» Work instructions
Your result should be every line of the records below that contains the word "Property".

» Collected data entries
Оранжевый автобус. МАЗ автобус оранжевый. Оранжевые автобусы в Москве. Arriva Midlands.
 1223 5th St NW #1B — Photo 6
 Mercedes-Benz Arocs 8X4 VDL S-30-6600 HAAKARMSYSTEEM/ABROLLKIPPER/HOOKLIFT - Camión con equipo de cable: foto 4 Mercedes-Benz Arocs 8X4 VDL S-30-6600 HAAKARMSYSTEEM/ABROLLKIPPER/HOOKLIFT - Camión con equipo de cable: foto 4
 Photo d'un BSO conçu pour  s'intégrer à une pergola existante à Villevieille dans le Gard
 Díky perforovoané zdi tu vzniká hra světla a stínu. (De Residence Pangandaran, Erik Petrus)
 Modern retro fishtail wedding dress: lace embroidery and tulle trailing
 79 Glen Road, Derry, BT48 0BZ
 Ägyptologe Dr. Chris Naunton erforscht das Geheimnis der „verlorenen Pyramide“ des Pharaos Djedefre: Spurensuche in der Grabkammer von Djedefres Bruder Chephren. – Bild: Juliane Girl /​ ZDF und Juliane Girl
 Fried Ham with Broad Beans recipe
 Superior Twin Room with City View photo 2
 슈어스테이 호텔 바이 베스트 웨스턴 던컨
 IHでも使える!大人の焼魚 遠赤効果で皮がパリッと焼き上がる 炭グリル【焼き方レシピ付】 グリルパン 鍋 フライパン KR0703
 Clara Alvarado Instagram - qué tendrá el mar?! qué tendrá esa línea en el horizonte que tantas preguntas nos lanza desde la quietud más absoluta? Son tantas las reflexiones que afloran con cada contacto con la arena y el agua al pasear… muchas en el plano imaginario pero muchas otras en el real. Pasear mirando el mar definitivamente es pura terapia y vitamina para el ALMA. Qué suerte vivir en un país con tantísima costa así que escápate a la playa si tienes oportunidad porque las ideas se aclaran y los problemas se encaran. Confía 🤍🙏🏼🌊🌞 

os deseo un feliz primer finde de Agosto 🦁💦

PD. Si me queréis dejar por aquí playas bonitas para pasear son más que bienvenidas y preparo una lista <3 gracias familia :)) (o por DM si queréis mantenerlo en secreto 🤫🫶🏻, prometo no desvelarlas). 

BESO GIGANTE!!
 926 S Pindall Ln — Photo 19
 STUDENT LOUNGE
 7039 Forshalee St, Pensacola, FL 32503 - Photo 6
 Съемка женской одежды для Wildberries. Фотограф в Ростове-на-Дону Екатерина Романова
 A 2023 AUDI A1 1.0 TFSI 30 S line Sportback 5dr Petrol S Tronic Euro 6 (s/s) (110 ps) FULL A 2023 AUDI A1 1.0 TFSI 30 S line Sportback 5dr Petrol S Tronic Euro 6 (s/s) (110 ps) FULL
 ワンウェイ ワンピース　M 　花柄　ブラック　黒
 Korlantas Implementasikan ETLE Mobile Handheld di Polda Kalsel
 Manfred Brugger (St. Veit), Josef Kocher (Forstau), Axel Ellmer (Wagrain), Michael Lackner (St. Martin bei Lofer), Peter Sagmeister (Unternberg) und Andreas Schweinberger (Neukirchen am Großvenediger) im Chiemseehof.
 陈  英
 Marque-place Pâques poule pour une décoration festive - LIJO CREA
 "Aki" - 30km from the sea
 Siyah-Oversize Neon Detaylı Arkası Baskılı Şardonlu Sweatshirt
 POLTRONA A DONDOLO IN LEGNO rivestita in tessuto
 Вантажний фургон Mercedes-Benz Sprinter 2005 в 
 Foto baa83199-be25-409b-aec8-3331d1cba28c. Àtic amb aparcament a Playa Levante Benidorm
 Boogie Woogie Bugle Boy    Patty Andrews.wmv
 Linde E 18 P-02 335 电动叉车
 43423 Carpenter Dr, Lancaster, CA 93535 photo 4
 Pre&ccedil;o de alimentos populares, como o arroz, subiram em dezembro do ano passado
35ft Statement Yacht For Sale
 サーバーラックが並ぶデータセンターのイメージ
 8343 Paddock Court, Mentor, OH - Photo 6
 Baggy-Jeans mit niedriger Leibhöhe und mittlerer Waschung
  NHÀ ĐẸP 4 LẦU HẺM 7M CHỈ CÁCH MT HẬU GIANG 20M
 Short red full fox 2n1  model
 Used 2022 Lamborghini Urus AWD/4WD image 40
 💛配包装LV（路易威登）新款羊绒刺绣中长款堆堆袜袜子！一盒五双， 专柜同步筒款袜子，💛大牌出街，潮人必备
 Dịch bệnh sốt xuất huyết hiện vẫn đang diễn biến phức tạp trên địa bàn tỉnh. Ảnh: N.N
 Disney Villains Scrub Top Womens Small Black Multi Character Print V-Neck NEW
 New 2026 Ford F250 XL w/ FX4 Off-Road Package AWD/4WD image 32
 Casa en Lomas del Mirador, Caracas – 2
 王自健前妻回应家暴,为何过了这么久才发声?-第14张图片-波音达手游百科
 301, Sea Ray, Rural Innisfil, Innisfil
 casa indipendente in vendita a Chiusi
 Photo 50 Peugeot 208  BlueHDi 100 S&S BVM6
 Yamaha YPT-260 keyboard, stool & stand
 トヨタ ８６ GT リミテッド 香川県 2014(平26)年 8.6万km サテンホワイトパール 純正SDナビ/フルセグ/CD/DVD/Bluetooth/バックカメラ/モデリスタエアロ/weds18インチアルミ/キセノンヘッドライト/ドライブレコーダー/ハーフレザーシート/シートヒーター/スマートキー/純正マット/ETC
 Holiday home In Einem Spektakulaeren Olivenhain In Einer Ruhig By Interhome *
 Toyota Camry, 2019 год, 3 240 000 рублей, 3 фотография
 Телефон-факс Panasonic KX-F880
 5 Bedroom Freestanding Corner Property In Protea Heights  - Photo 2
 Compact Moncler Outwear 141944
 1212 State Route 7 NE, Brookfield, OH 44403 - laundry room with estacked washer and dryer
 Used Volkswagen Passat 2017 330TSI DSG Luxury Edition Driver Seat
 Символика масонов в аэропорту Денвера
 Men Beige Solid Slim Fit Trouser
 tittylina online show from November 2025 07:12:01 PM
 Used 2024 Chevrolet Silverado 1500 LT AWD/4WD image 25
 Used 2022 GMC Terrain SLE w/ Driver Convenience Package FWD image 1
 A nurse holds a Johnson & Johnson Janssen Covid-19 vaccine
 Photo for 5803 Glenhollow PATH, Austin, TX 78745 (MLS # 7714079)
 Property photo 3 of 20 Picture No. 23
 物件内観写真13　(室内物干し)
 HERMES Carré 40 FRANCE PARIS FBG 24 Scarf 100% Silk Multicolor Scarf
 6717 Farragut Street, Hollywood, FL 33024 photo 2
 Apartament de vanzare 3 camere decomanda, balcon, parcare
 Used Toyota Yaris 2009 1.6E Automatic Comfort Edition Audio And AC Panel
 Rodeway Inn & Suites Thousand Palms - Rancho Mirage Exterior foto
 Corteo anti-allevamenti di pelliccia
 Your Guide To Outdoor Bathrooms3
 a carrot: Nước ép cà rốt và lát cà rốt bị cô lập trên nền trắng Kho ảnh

» Result of this exercise
 5 Bedroom Freestanding Corner Property In Protea Heights  - Photo 2
 Property photo 3 of 20 Picture No. 23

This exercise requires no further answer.